McNee is marvellous – a more affable and lovable than mean and macho Petruchio. We are rooting for him to woo Katherine because he clearly deserves her.Emily Cooper/Handout

Or does he? I had some trouble with early Katherine, in particular the over-the-top expression of her anger. She runs around hollering at the top of her lungs and it seemed a bit much; nor was it really explained. If it was meant to be funny (many in the audience laughed each time), I didn’t find it so. Okay, she’s furious; we get it. Lines, a tremendous actor, can do nuance, but she doesn’t really have the opportunity in the opening scenes; she’s too busy running around yelling.

Screaming aside (and she is a very good screamer), Lines is a strong, smart – and sensual – Katherine, who you’re sure has a twinkle in her eye as she and Petruchio become partners in crime, even if you can’t actually see it from your seat.

Another delight in this production is Anton Lipovetsky as Hortensio, one of the men wooing Bianca. Wide-eyed and earnest, he demonstrates saddlebags of talent – as awkward with a musical instrument as he is with women and it’s a hoot.

Joel Wirkkunen’s hammy Grumio in a furry vest is fun and hearing some Shakespeare spoken with a cowboy drawl is a trip.

This is not the first rodeo for this spaghetti-western Shrew; Anderson builds on Miles Potter’s 2007 western-themed production. (Also, Anderson played Katherine in Bard’s terrific 2012 production.)

Malcolm Dow’s sound design, using compositions by the late Marc Desormeaux – the sound composer for that 2007 production – is wonderful: romantic, funny and evocative.

One of the show’s best moments sees the men of the camp sing a song, which lulls Katherine, finally, to sleep under the stars as Petruchio watches over her.
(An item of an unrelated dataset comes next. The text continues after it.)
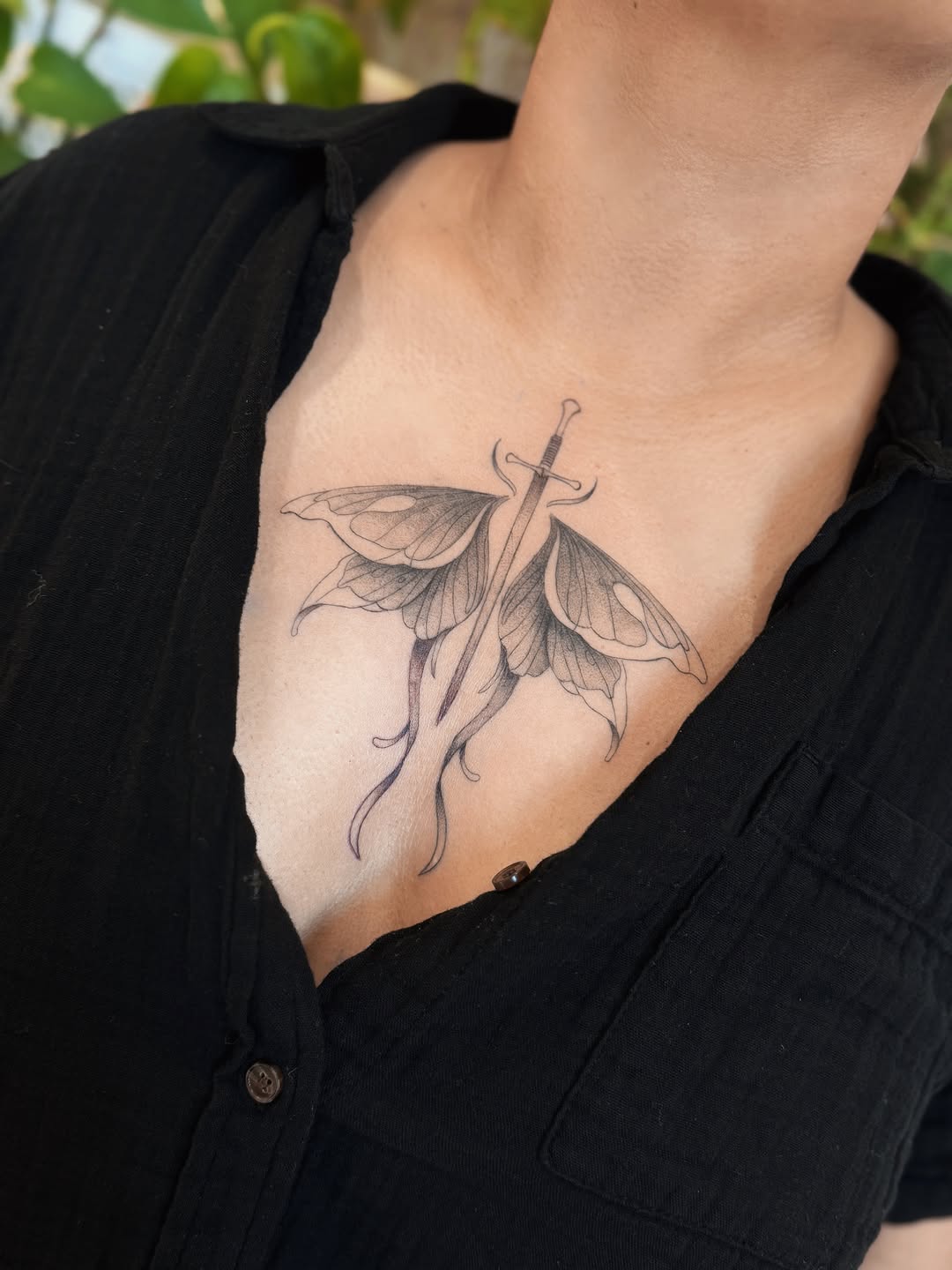Tattoo by @helenini.tattoo — fine_line, black_and_grey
(Ahead of the show, a functional problem with the vocal equalizer was announced as a warning, but this was rarely apparent, so kudos to board operator Liam Hunt.)

The show is dynamic and entertaining, clicking along with some very funny and inventive moments. In the end, Katherine isn’t tamed, but lightened – and enlightened. (And quieted – but not silenced.) Petruchio grows too. Love can be the best teacher.

It doesn’t always feel authentic, but this Shrew is a good time, y’all, and still worth a ride down yonder to Vanier Park on Vancouver’s west side.